**Work required**
Once the images are set aside, write out the rest of the records exactly.

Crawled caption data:
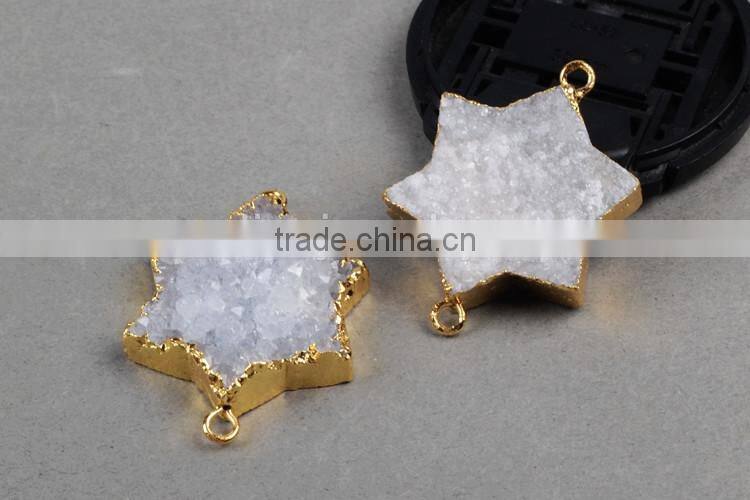 White Summer SALE Star Druzy Druzzy Drusy Electroplated 24K Gold Plated Double Bail Pendant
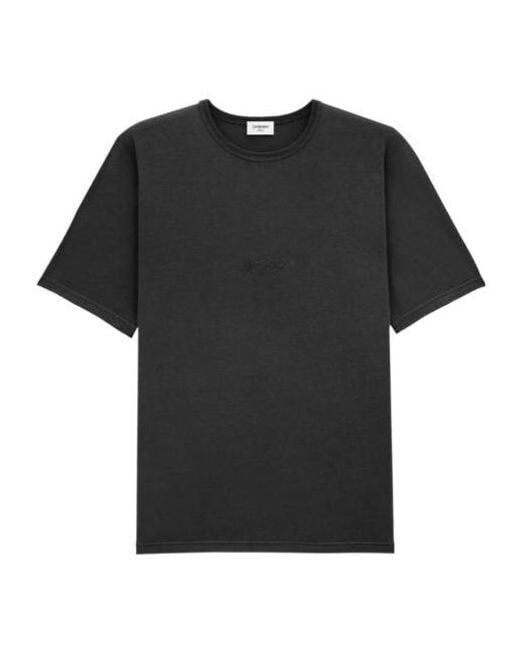 Saint Laurent Black Logo Embroidered Crewneck T-Shirt for men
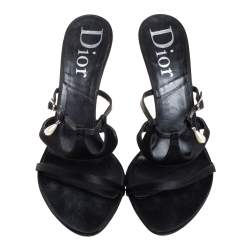 Dior Black Satin Embellished Strap Sandals Size 39.5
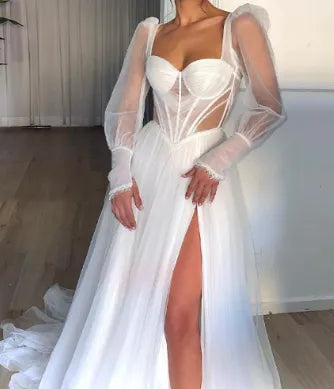 White Tulle A Line Wedding Dresses Long Sleeve Sweethart Sexy Corset Boho Bridal Gowns with Slit Beach Bride Dress with Train White 28w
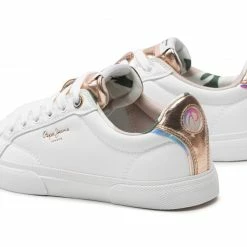 Flash Sale 😍 Γυναικεία Παπούτσια PEPE 👖 JEANS Λευκό PLS31410-800 😀 -Φτηνός Μόδας Κατάστημα 120501900031 17 2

**Answer below**
 White Summer SALE Star Druzy Druzzy Drusy Electroplated 24K Gold Plated Double Bail Pendant
 Saint Laurent Black Logo Embroidered Crewneck T-Shirt for men
 Dior Black Satin Embellished Strap Sandals Size 39.5
 White Tulle A Line Wedding Dresses Long Sleeve Sweethart Sexy Corset Boho Bridal Gowns with Slit Beach Bride Dress with Train White 28w
 Flash Sale 😍 Γυναικεία Παπούτσια PEPE 👖 JEANS Λευκό PLS31410-800 😀 -Φτηνός Μόδας Κατάστημα 120501900031 17 2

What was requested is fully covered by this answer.